The physics of foam, Irish-style, has made its way into the spectacular Water Cube, national swimming centre for the 2008 Beijing Olympics. Dick Ahlstrom reports
What do the bubbles on a head of beer and the 2008 Beijing Olympics have in common? The Weaire-Phelan structure, of course, the most efficient construct yet devised.
Two Irish scientists currently hold the world record for the most efficient "ideal" structure, one with the least possible wasted space between individual components. Now aspects of this design are to feature in the spectacular $100m (€86m) "Water Cube" swimming centre to be built in Beijing.
"It was a discovery we made at the end of 1993," says Prof Denis Weaire, head of the physics department at Trinity College Dublin. He and Robert Phelan, then in his first year as a research student, picked up a research challenge laid down more than a century earlier by none other than the great British scientist Lord Kelvin.
The challenge is deceptively simple, says Weaire. "How can you divide up space into equal volumes all with a minimum surface area? Ideally that is what a foam should do in foam physics," he says.
"This was a celebrated problem.

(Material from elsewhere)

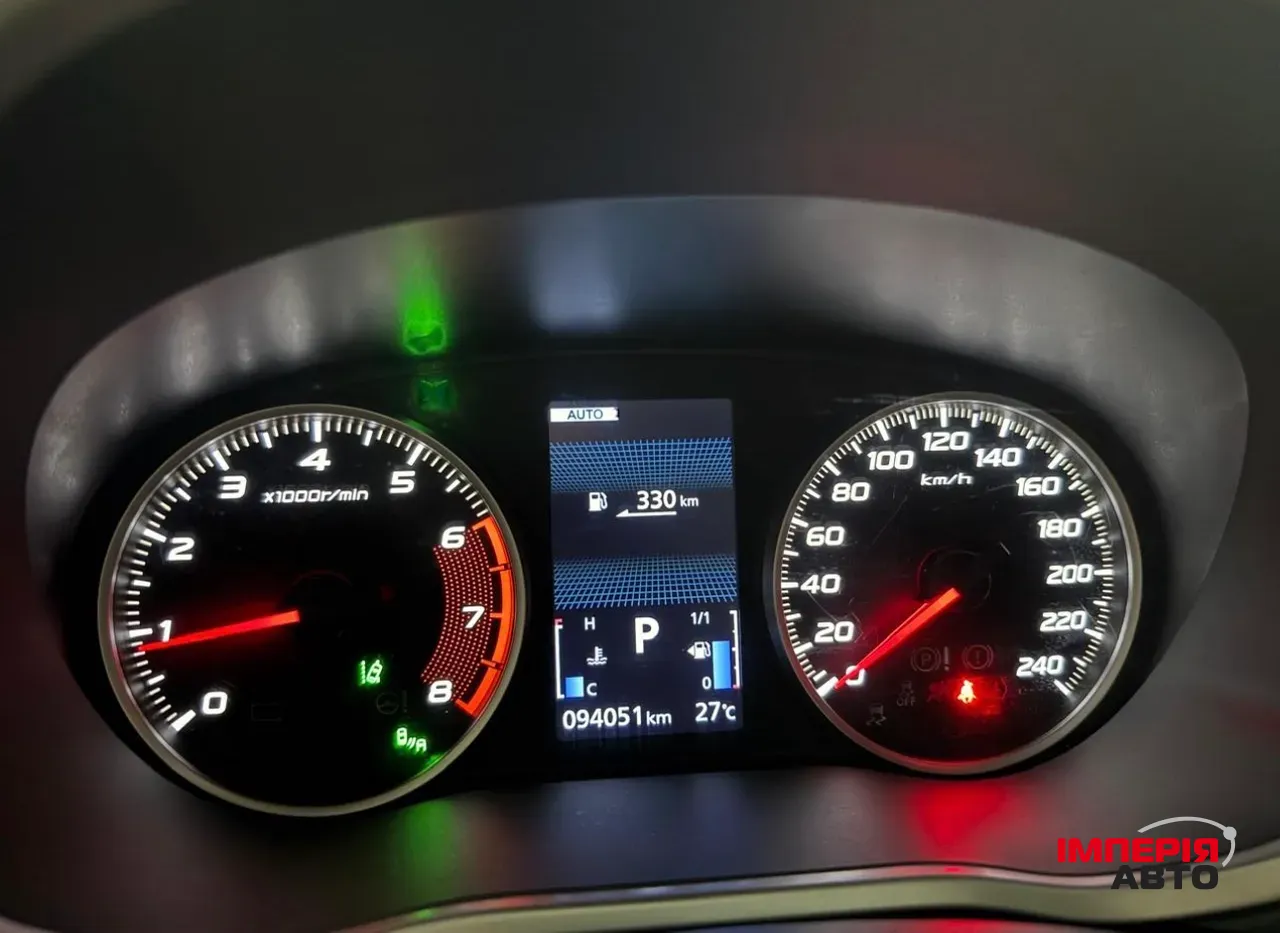 Mitsubishi Eclipse Cross - фото 5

Lord Kelvin posed it in 1887 and gave his own conjectured answer."
The rules hold that each bubble or structural component must have an equal volume. Yet what shape should they be to reduce to a minimum the wasted space around the edges and between bubbles?

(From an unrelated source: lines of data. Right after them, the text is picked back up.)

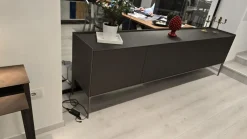 Madia in stile design Self bood di Rimadesio in Offerta Outlet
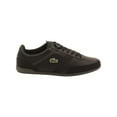 thumbnail image 5 of Lacoste Mens Giron 316 Sneakers in Black, 5 of 6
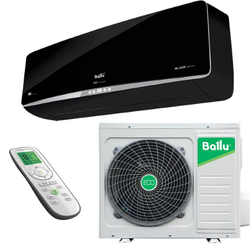 Сплит-система инверторного типа Ballu Platinum Black DC Inverter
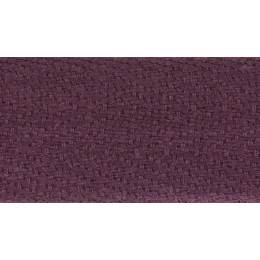 Sergé n°6 14,5mm bordeaux - 83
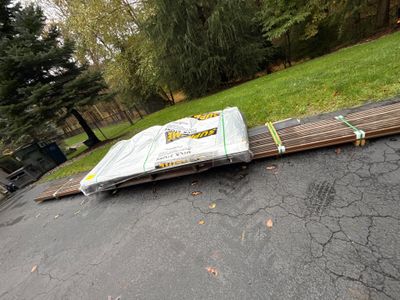 Project in Millstone Township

"What we produced on a computer was a new ideal structure for foam, a foam made up of identical bubbles," says Weaire. Their design beat Lord Kelvin's effort, a record that had stood for more than a century.
"We were lucky enough to come up with a structure that had a lower surface area," says Weaire. "It caused quite a stir among mathematicians and those physicists interested in foams. In more than 10 years no one has come up with a variation that does better than ours."
In physics terms the idea is to achieve the minimum surface area, in effect achieving a minimum energy structure. The Weaire-Phelan structure is mainly made up of pentagons, with a smaller number of hexagons of equal volume thrown into the mix.
"It turns out that mathematically the hexagons are necessary," Weaire explains. "It probably is the ideal structure but there is no mathematical proof of that."
Here enters the Chinese connection and the Water Cube. About a year ago a Chinese engineer contacted Weaire, asking him about the Weaire-Phelan structure. "He didn't tell me what it was for and I forgot all about it until I saw it on the Internet," says Weaire.
Consulting engineers Arup announced that it and partners, PTW Architects, the China State Construction and Engineering Corporation and the Shenzhen Design Institute had won the international design competition for the Water Cube. The Arup site acknowledged that the Cube's winning design was based on aspects of the Weaire-Phelan structure.
Weaire always thought that their bubble design was "pleasing to the eye" and therefore of possible architectural merit. "At the time I did suggest is was interesting architecturally. I am delighted (this) has suddenly happened."
He believes the Chinese saw two virtues in using this for their 17,000-seater Water Cube. They wanted a water theme and foam bubbles are mostly made of water. The structure itself was also attractive, making for a striking, eye-catching building.
The 70,000 square metre building plays on the Weaire-Phelan structure, built from three different steel nodes and steel members to be bolted together on site. These in turn will support the translucent ethylene tetrafluoroethylene (ETFE) skin of the building.